GREFFIER PRÉSENT AUX DÉBATS : Melle Sophie GUIMARAES
COMPOSITION DE LA COUR LORS DU DÉLIBÉRÉ :
PRÉSIDENT : Madame GUIOT-MLYNARCZYK, Président de Chambre
ASSESSEURS : Madame GIZARD, Conseiller
Monsieur MICHEL, Conseiller
FAITS ET PROCÉDURE
Par acte sous seing privé du 10 avril 2016, M. D A et Mme F B ont consenti à M. C Y et à Mme H I X épouse Y, un bail sur un appartement meublé situé […] de la salle à Guenange (57310) moyennant un loyer mensuel de 1.050 euros comprenant une provision sur charges de 50 euros.
M. et Mme Y ont donné congé aux bailleurs à effet du 30 septembre 2016 et un état des lieux a été établi contradictoirement le 28 septembre 2016.
Par acte d’huissier signifié le 22 août 2018, M. et Mme Y ont fait citer M. A et Mme B devant le tribunal d’instance de Thionville aux fins de les voir condamner à leur payer les sommes de 1.500 euros à titre de restitution du dépôt de garantie, 1.800 euros au titre de la majoration visée à l’article 22 de la loi du 16 juillet 1989, 500 euros en réparation du préjudice subi, 800 euros en application de l’article 700 du code de procédure civile et aux dépens.
M. D A et Mme F B se sont opposés à ces prétentions.
Par jugement du 14 mai 2019, le tribunal d’instance de Thionville a débouté M. et Mme Y de leurs demandes, les a condamnés aux dépens et a dit n’y avoir lieu à exécution provisoire.
Le tribunal a rappelé que les bailleurs ont refusé de restituer le dépôt de garantie de 1.500 euros en raison de travaux à réaliser après le départ des locataires. Il a observé que l’état des lieux de sortie produit aux débats par les bailleurs consistait en des annotations portées sur l’état des lieux d’entrée, que le document était signé en dernière page par M. Y et que les autres pages qui comportaient des annotations plus détaillées n’étaient pas paraphées. Il a estimé que seules devaient être retenues les constatations figurant sur la page signée par le locataire, dit que les propriétaires étaient en droit de réclamer le coût du nettoyage du logement ainsi que la peinture des plafonds de la chambre, du salon et de la cuisine, que ces travaux étaient évalués à 1.952,50 euros dans le devis versé aux débats, et a débouté en conséquence les locataires de leur demande en restitution du dépôt de garantie et de la majoration.
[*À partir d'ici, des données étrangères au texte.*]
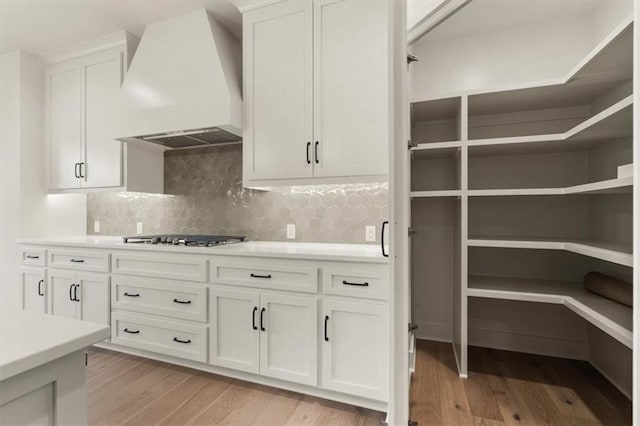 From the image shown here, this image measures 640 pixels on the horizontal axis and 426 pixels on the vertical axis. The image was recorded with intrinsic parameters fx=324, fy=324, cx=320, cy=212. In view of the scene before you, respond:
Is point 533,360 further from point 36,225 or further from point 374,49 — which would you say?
point 36,225

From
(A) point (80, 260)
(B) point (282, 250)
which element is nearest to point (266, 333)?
(B) point (282, 250)

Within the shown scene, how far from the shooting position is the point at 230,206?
9.18 feet

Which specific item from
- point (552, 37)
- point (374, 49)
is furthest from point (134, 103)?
point (552, 37)

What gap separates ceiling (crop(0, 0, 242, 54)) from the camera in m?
2.28

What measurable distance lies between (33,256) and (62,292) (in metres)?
0.45

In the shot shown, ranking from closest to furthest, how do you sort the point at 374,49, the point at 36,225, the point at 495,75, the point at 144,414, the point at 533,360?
the point at 144,414 → the point at 374,49 → the point at 533,360 → the point at 495,75 → the point at 36,225

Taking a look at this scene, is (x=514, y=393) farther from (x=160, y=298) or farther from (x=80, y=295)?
(x=80, y=295)

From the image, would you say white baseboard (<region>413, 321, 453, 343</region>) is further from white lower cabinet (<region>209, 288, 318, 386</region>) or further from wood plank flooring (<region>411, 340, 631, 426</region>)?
white lower cabinet (<region>209, 288, 318, 386</region>)

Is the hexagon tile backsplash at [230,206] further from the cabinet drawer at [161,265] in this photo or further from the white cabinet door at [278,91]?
the cabinet drawer at [161,265]

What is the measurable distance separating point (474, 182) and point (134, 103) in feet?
9.01

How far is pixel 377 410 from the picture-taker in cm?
179

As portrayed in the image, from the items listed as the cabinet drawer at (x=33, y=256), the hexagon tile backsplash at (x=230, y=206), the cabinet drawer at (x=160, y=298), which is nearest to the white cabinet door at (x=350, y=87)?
the hexagon tile backsplash at (x=230, y=206)

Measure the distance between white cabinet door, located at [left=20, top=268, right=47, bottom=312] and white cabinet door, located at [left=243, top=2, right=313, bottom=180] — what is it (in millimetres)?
2049

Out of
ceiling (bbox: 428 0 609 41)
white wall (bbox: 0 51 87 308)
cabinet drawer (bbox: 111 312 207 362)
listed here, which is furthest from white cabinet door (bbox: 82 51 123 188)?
ceiling (bbox: 428 0 609 41) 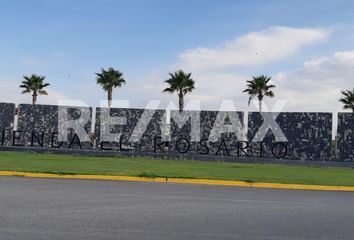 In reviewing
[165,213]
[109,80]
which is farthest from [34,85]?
[165,213]

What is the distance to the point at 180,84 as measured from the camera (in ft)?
175

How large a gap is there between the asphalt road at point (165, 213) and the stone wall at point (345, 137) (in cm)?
1259

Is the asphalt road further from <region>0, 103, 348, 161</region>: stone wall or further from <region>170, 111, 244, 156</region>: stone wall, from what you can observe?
<region>170, 111, 244, 156</region>: stone wall

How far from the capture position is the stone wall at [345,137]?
25.9 meters

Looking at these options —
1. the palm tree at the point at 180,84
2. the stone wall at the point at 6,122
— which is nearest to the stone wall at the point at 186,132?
the stone wall at the point at 6,122

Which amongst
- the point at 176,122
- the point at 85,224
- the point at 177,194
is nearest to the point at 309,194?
the point at 177,194

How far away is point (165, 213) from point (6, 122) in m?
21.4

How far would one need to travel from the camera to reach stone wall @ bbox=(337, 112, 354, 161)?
25891 millimetres

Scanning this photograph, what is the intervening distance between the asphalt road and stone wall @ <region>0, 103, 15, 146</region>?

Il a également rejeté la demande de dommages et intérêts en l’absence de preuve d’un préjudice subi.
Par déclaration déposée au greffe de la cour le 31 octobre 2019, M. et Mme Y ont formé appel de ce jugement en ce qu’il les a déboutés de leur demande en restitution du dépôt de garantie, de la majoration due en cas de non restitution du dépôt de garantie dans le délai, de leur demande en réparation de leur préjudice,
de leur demande au titre de l’article 700 du code de procédure civile et en ce qu’il les a condamnés aux dépens.
Ils concluent à l’infirmation du jugement et demandent à la cour de condamner solidairement M. D A et Mme F B à leur payer les sommes de 1.500 euros au titre du dépôt de garantie, 4.700 euros au titre de la majoration visée à l’article 22 de la loi du 16 juillet 1989, 500 euros en réparation du préjudice subi, et 1.500 euros en application de l’article 700 du code de procédure civile, de les débouter de leurs prétentions et de les condamner aux dépens.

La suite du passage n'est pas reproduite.